=== Data supplied ===
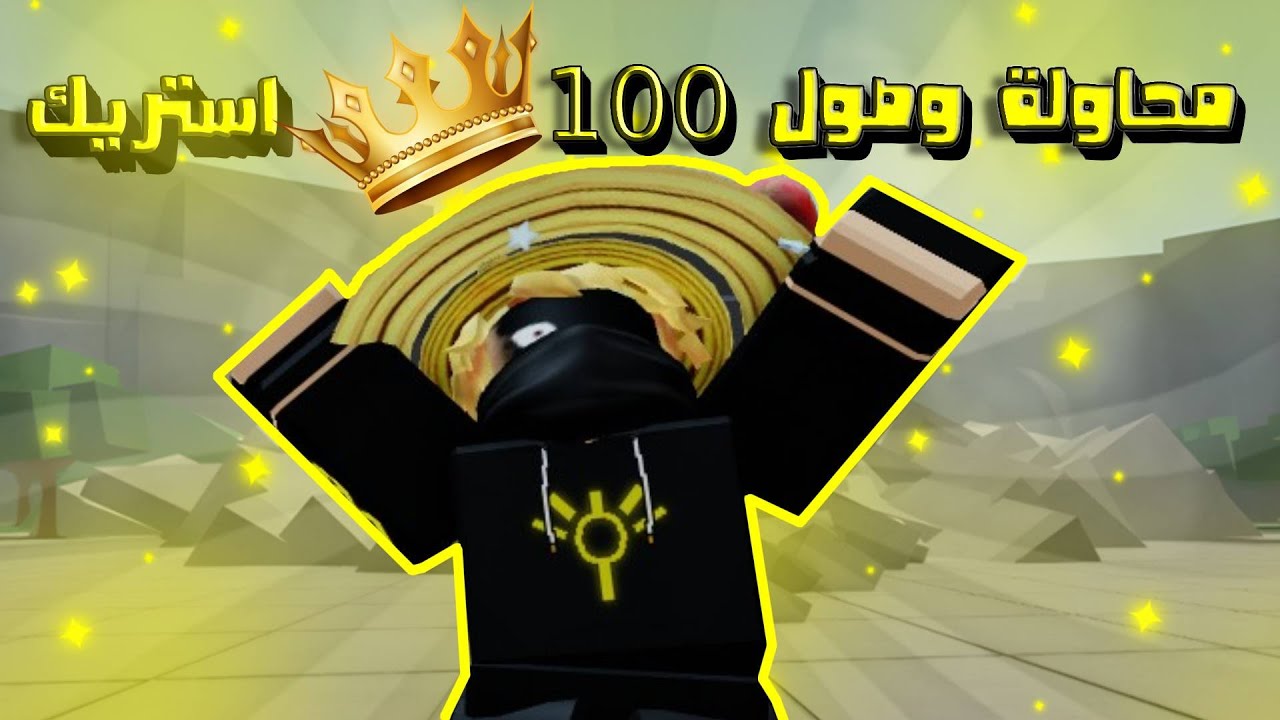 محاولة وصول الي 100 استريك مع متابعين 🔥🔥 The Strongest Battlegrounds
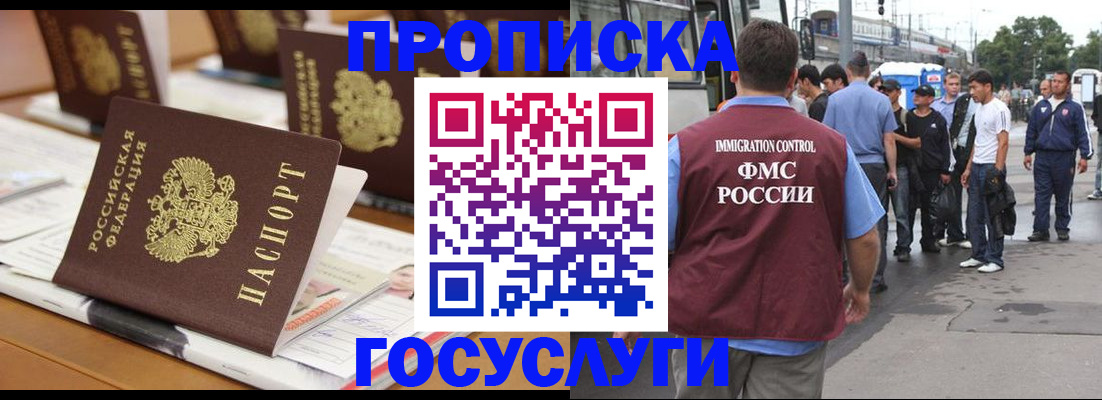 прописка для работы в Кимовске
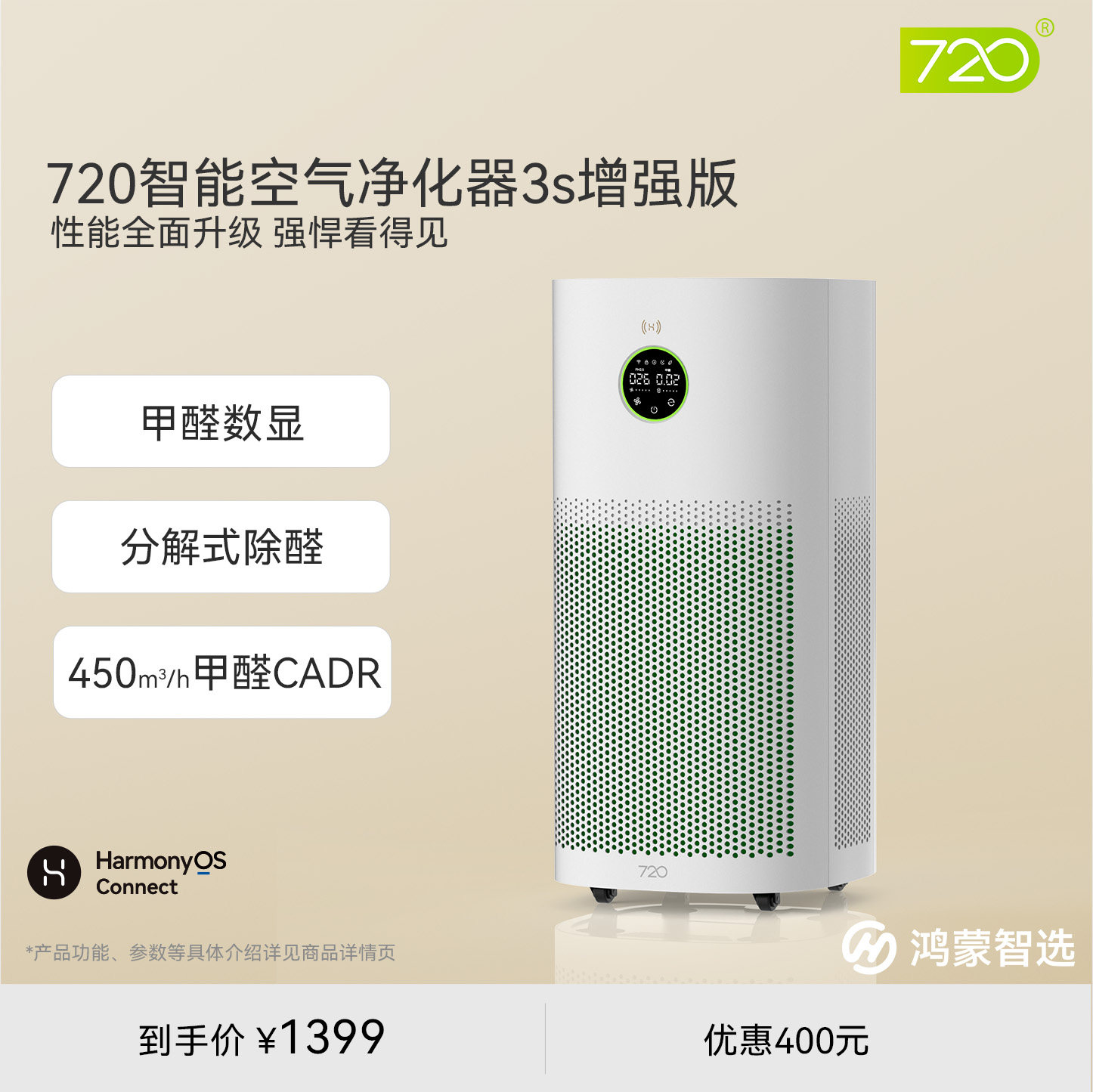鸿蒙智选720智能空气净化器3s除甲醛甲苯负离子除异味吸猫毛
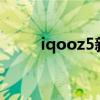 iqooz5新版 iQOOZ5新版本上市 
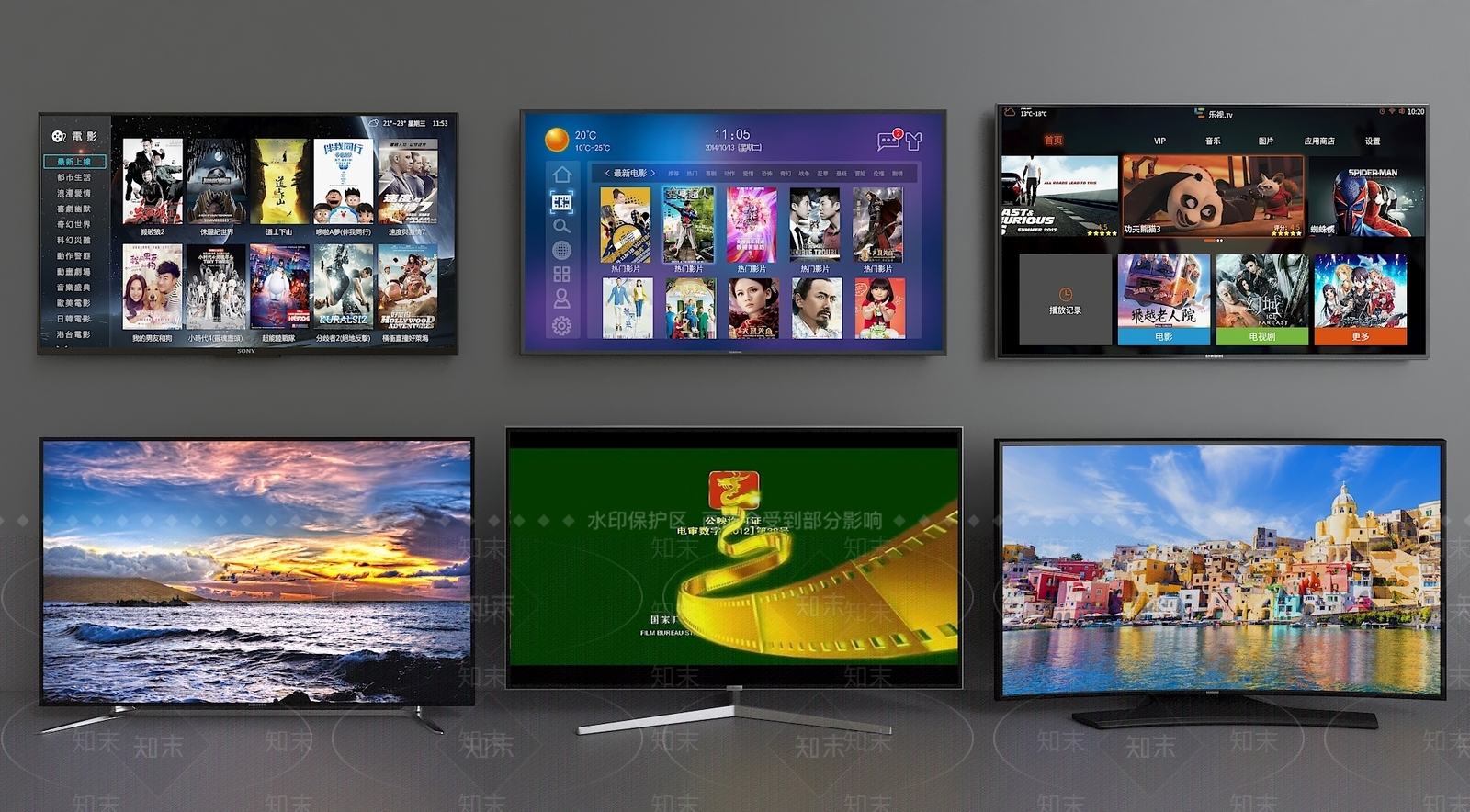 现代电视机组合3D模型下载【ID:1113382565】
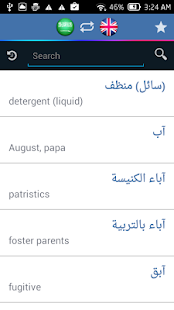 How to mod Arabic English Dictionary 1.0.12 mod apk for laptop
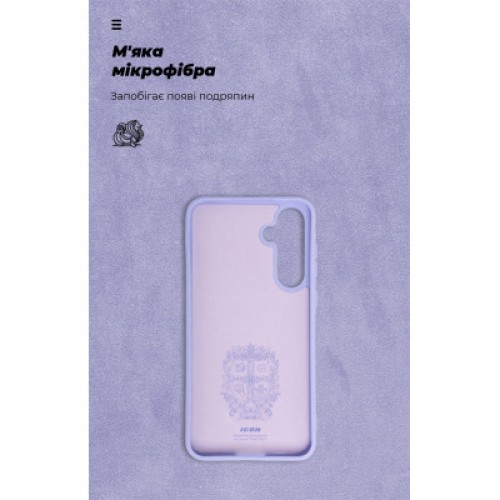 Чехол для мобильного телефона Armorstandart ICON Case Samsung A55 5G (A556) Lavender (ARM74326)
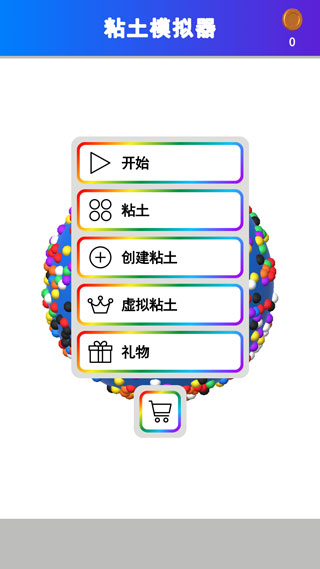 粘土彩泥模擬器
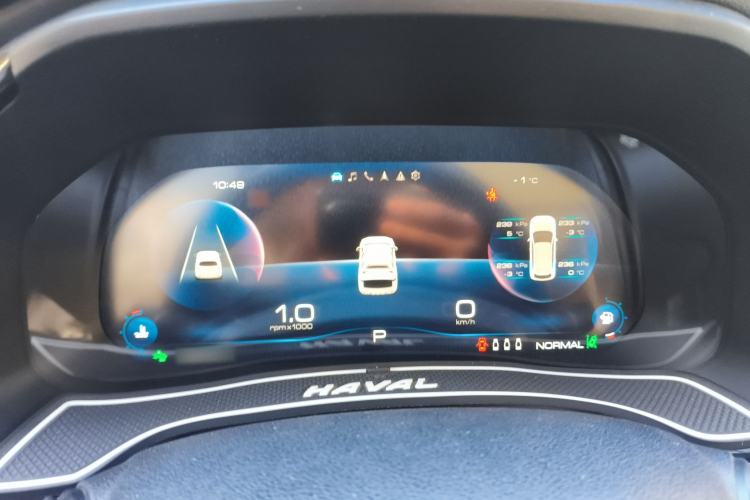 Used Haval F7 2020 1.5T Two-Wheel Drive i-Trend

=== Exercise goal ===
Take the lines from the one holding "现代电视机组合3D模型下载【ID:1113382565】" through the final line of the listing above and copy them exactly, both ends included, with no pictures.

=== Solved exercise ===
 现代电视机组合3D模型下载【ID:1113382565】
 How to mod Arabic English Dictionary 1.0.12 mod apk for laptop
 Чехол для мобильного телефона Armorstandart ICON Case Samsung A55 5G (A556) Lavender (ARM74326)
 粘土彩泥模擬器
 Used Haval F7 2020 1.5T Two-Wheel Drive i-Trend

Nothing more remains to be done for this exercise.